Väter als Täter
Sexuelle Gewalt gegen Mädchen: «Erinnerungen sind wie eine Zeitbombe»
Barbara Kavemann, Ingrid Lohstöter
Das Opfer muß die Folgen tragen. Alle Kinder brauchen Liebe, körperliche Zärtlichkeit und emotionale Wärme. Alle Mädchen brauchen Anerkennung ihrer Weiblichkeit, um zuversichtlich in ihr späteres Leben als Frau hineinwachsen zu können. Wenn ihnen statt dessen sexuelle Gewalt begegnet, wenn sie in der eigenen Familie als Sexualobjekt benutzt werden, entstehen Verletzungen, an denen die Frauen oft lebenslang zu tragen haben.
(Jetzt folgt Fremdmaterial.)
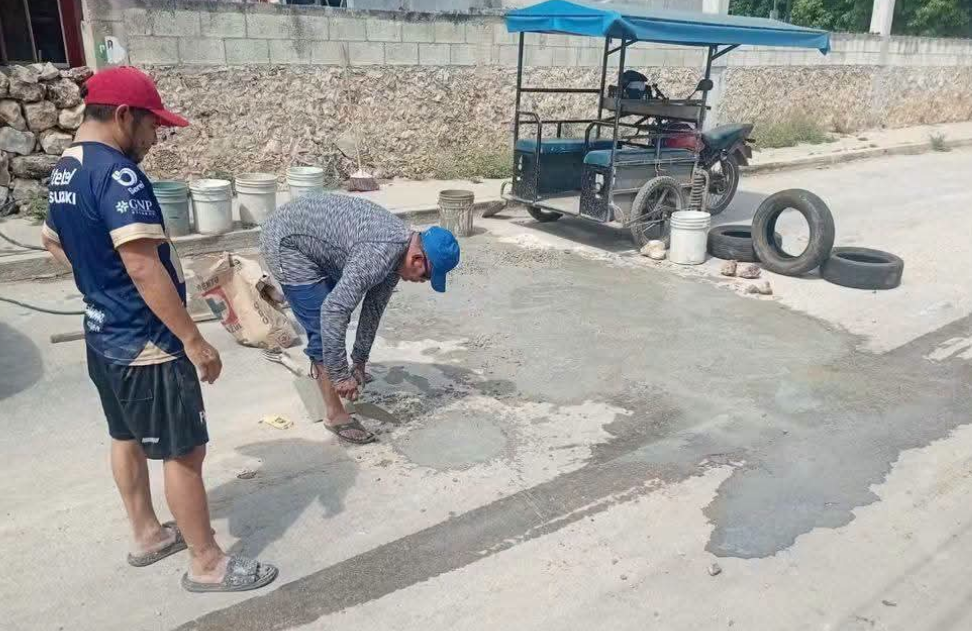 Vecinos tapan baches ante omisión municipal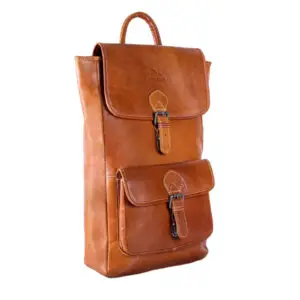 SCRAMBLER aus pflanzlich gegerbtem Leder mit wasserabweisendem Innenfutter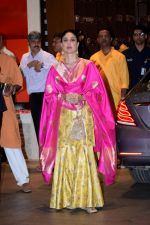 Kareena Kapoor at Mukesh Ambani_s House For Ganesha Chaturthi on 13th Sept 2018 (41)_5b9b56844e2ca.jpg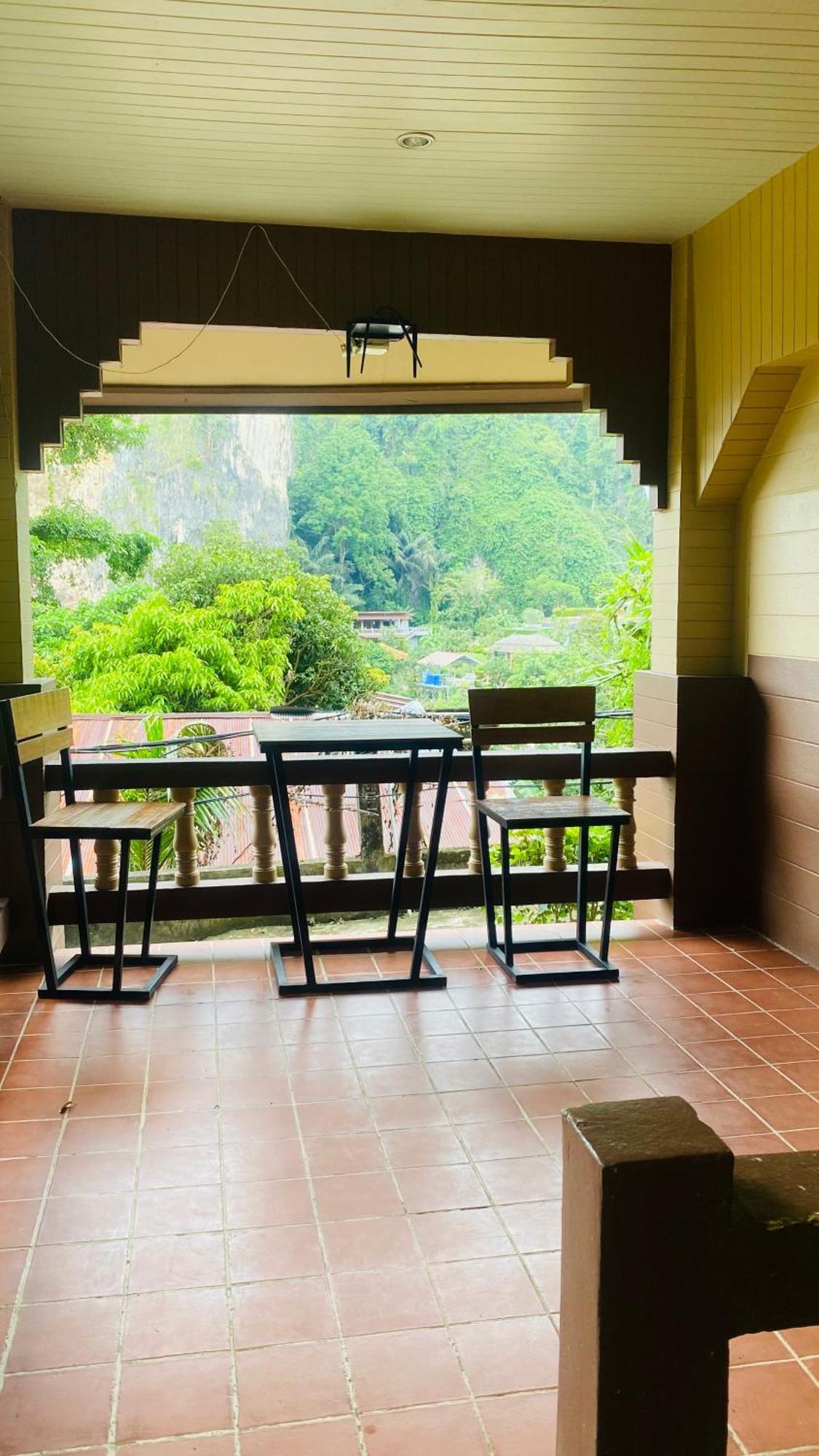 Hilltop Resort 3*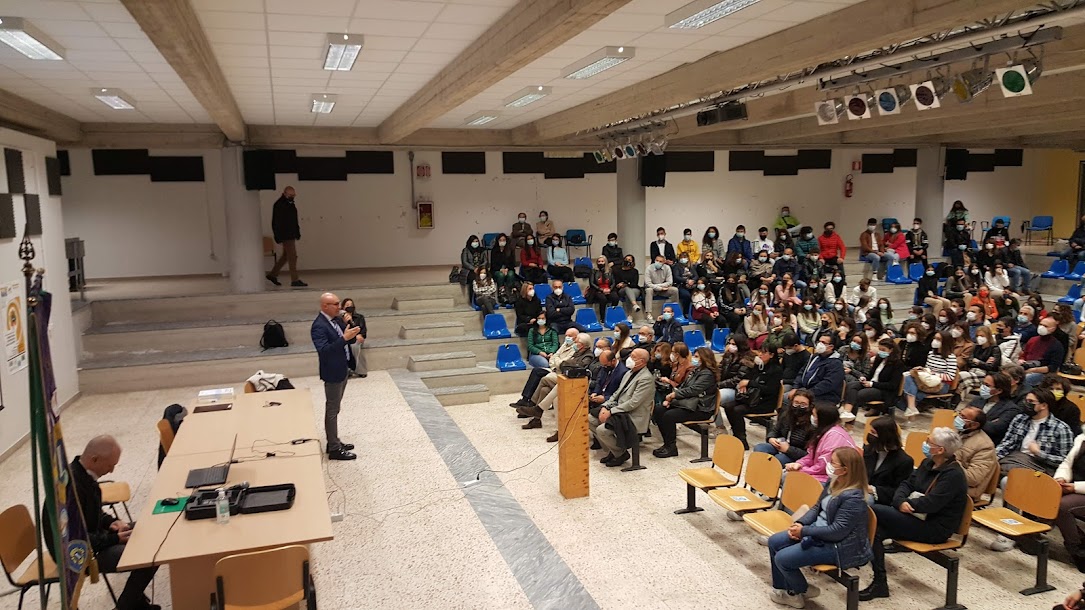 Lions club Lentini consegna attestati di merito agli studenti di Lentini, Carlentini e Francofonte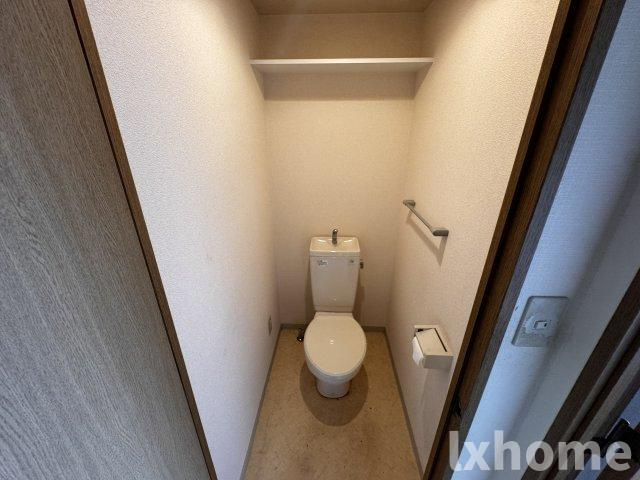 カーサブリランテのトイレ|落ち着いた色調のトイレです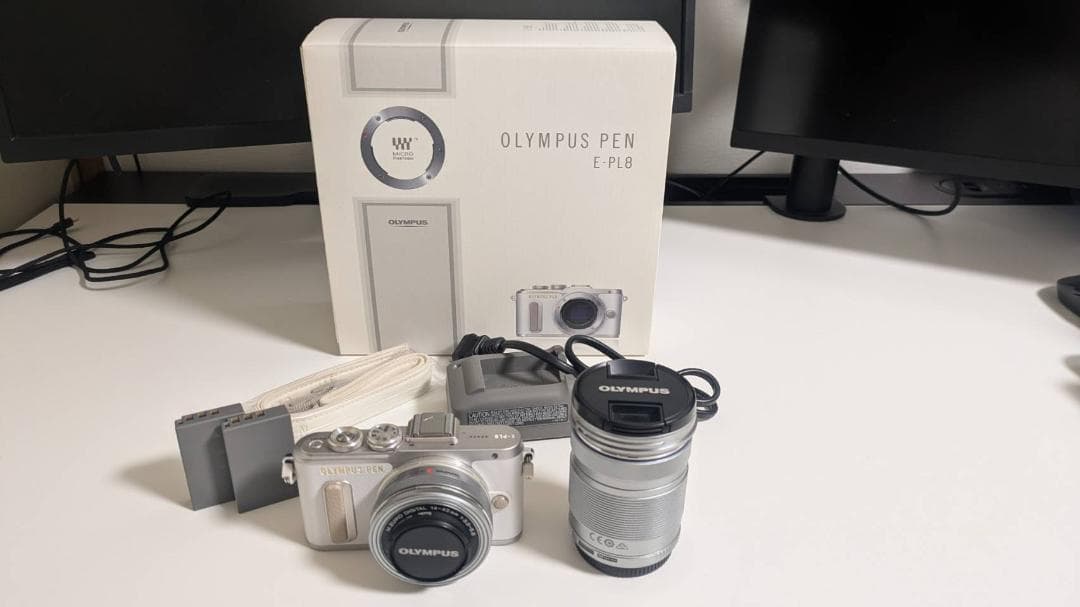 OLYMPUS PEN E-PL8 ホワイト　ダブルズーム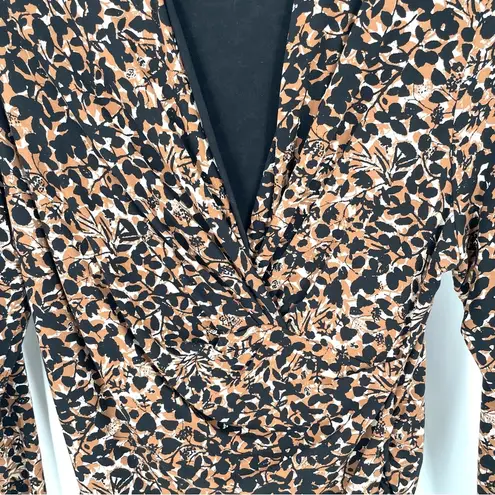 Peruvian Connection VNeck Stretch Fitted Cinched Side Long Sleeve Blouse Top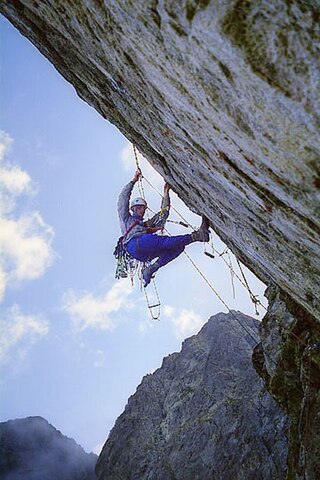 <span class="mw-page-title-main">Aid climbing</span> Type of climbing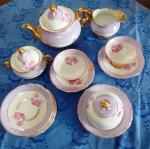 Lindo e antigo Jogo de porcelana na coloração  rosa floral com detalhes em ouro ( 7 peças ). um bule de cafe, açucareiro ,leilteria ,mantegueira, 2 xicaras comletas e 6 pires .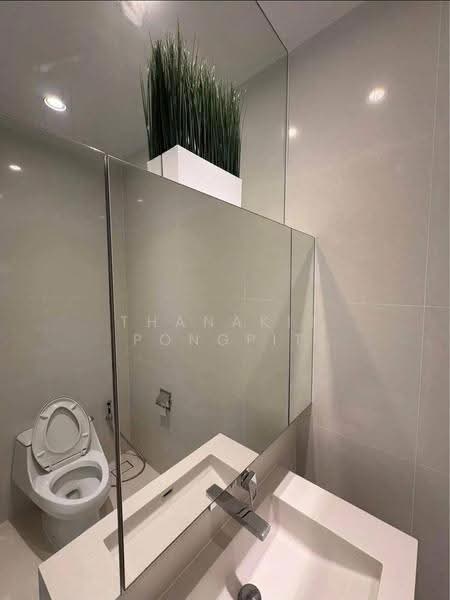 Vittorio 39, Bangkok, 8 Sukhumvit, Khlong Tan Nua, Watthana, Bangkok, 2 Bedrooms, 127 sqm, Condo For Sale, by Thanakit Pongpit, 500534289 - DDproperty.com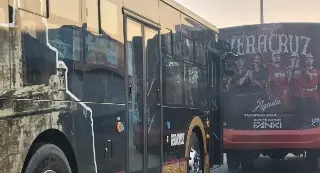 Chocan camiones en avenida Ejército Mexicano de Boca del Río 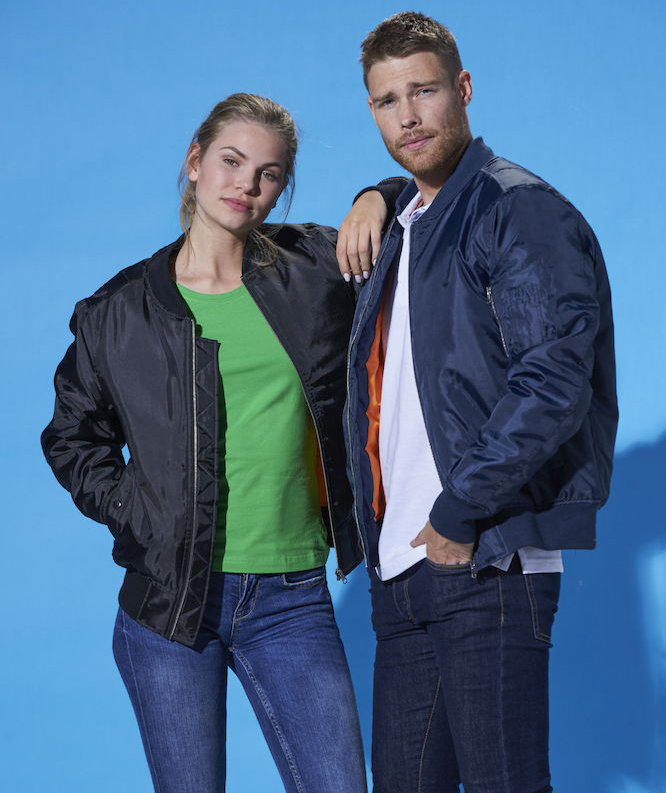 Clique bomberjacka, Svart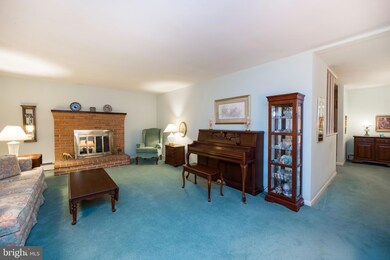 619 Knoll Dr, Lansdale, PA 19446 - photo 7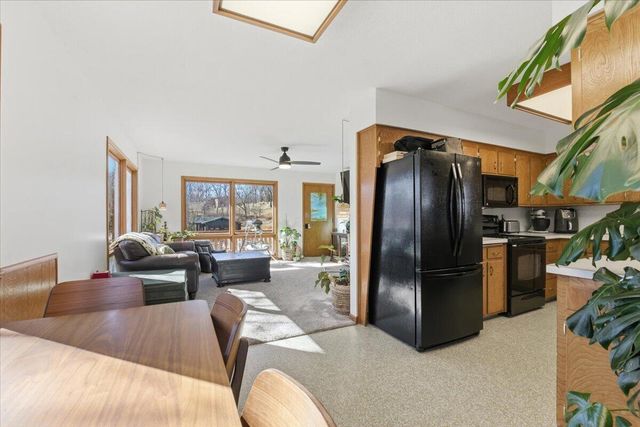 20264 HONEYSUCKLE Road, Council Bluffs, IA 51503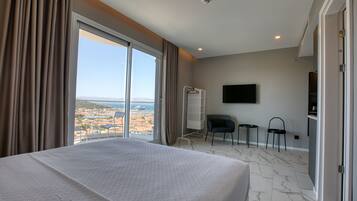 Superior Studio, Private Bathroom, Sea View | Premium bedding, minibar, soundproofing, iron/ironing board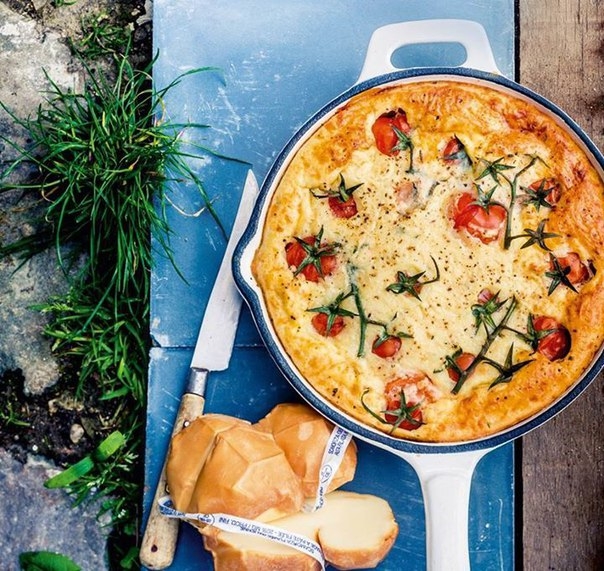Клафути с помидорами черри, сыром скаморца и тимьяном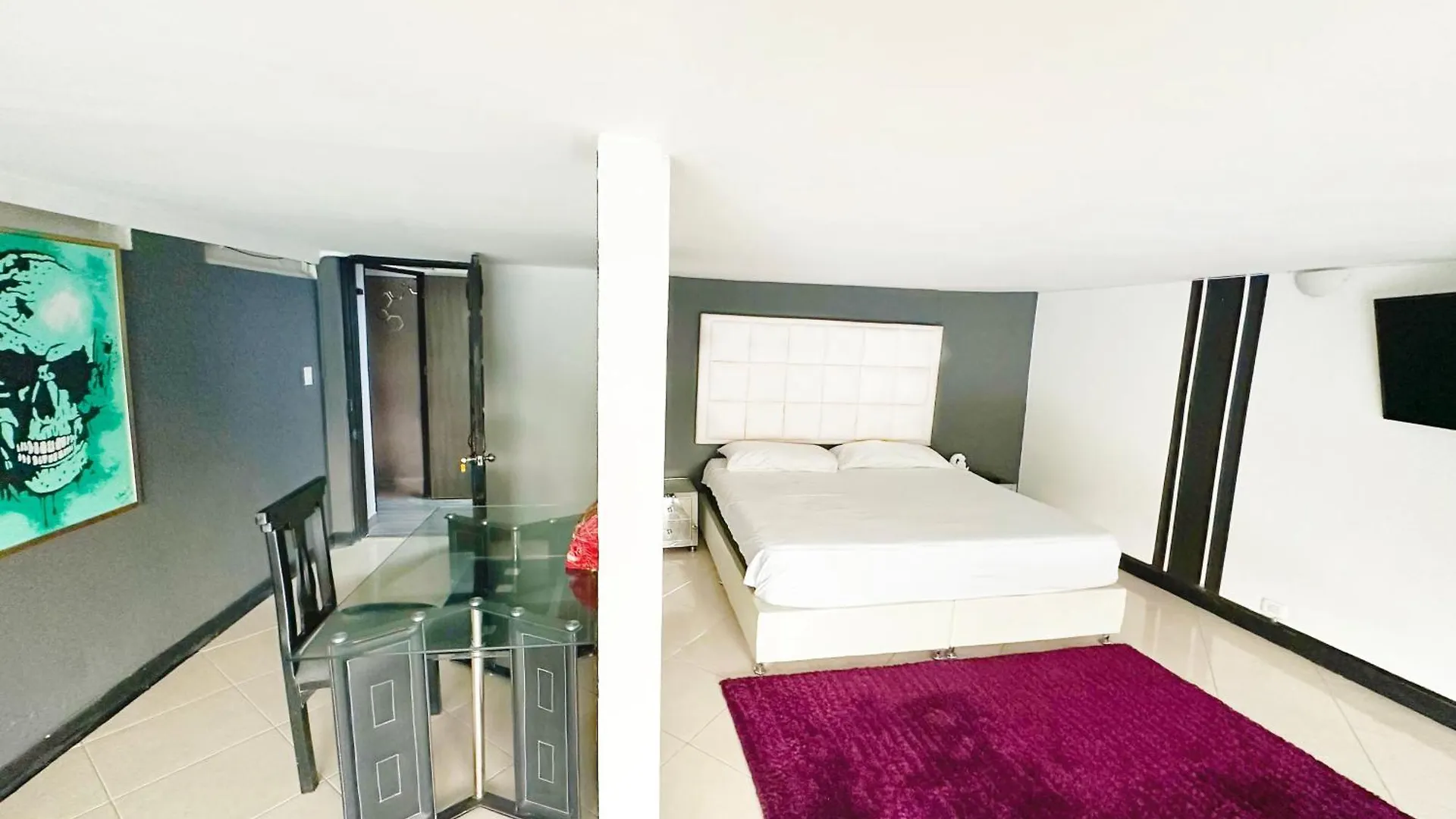 Urban 10 Bdrm Private Apartment With Rooftop Pool & Jacuzzi Medellín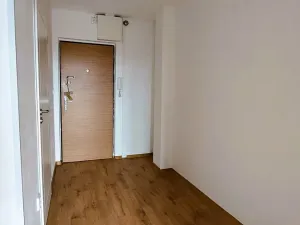 Pronájem bytu 2+kk, Kolín, Radimského, 38 m2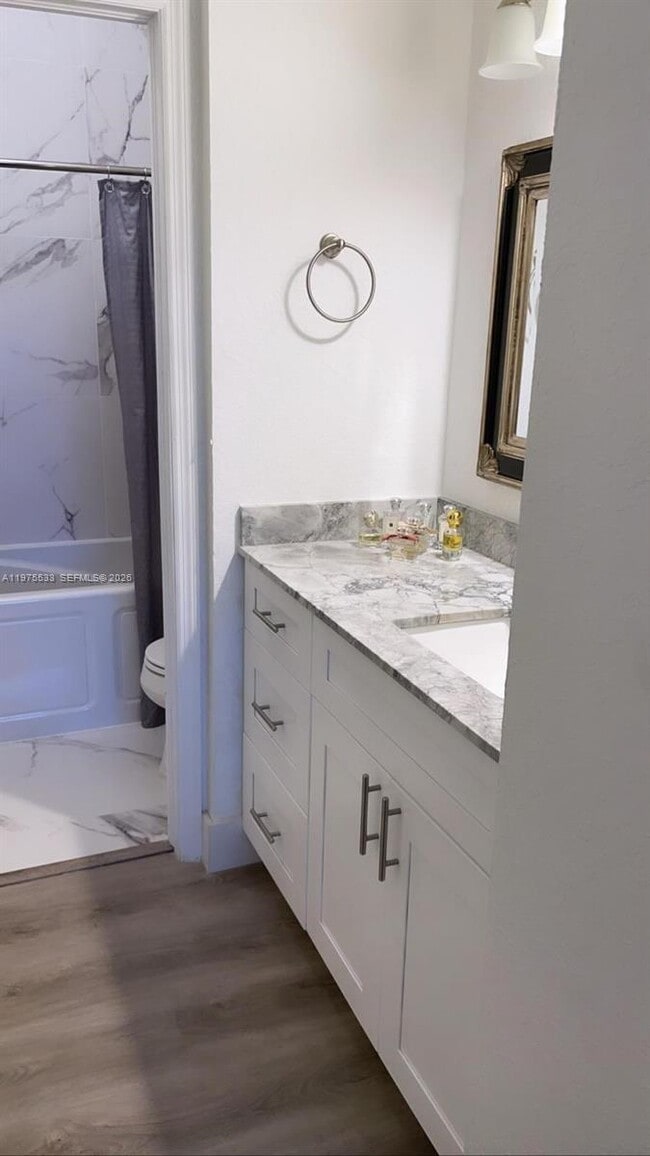 Building Photo - 6104 NW 114th Pl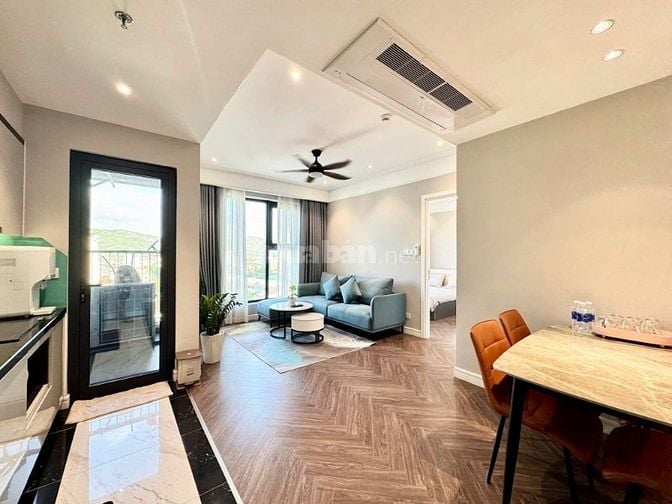 Căn hộ Đẹp – Sang  60m2(2pn) 1tỷ7 full NT,view Hồ, vay 70%, Sổ sẵn 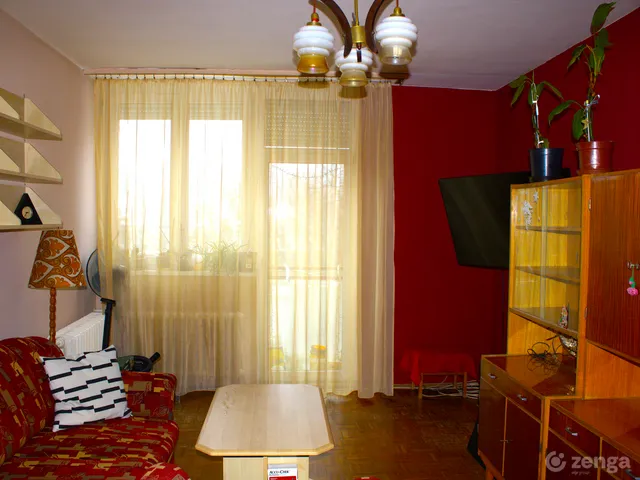 Eladó lakás Tatabánya, Újváros 43 nm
Zwei Expertinnen erstellten für den Deutschen Jugendbericht 1983 ein Gutachten über sexuellen Mißbrauch in der Familie. In diesem Buch beschreiben sie darüber hinaus, was sie in langen Einzelgesprächen von den Betroffenen erfuhren. Die meisten Fälle von sexuellem Mißbrauch betreffen Mädchen, die meisten Täter sind in der allernächsten Umgebung des Opfers zu suchen. Diese schreckliche Wahrheit will freilich niemand wissen. Auch die Betroffenen schweigen, weil sie nicht auf Hilfe hoffen können. «Väter gelten nicht als Täter, sondern als Beschützer. Das vergrößert Vertrauensseligkeit und Unbefangenheit der Mädchen, aber auch – wenn wirklich etwas passiert – ihren Schock, ihre Schuldgefühle, ihre Ratlosigkeit. In welche Worte sollen sie das Unfaßbare auch fassen? Das Verschweigen des Mißbrauchs vergrößert den Handlungsspielraum der Täter. Sie müssen kaum Angst haben, daß ihre Taten entdeckt, daß sie zur Rechenschaft gezogen werden.»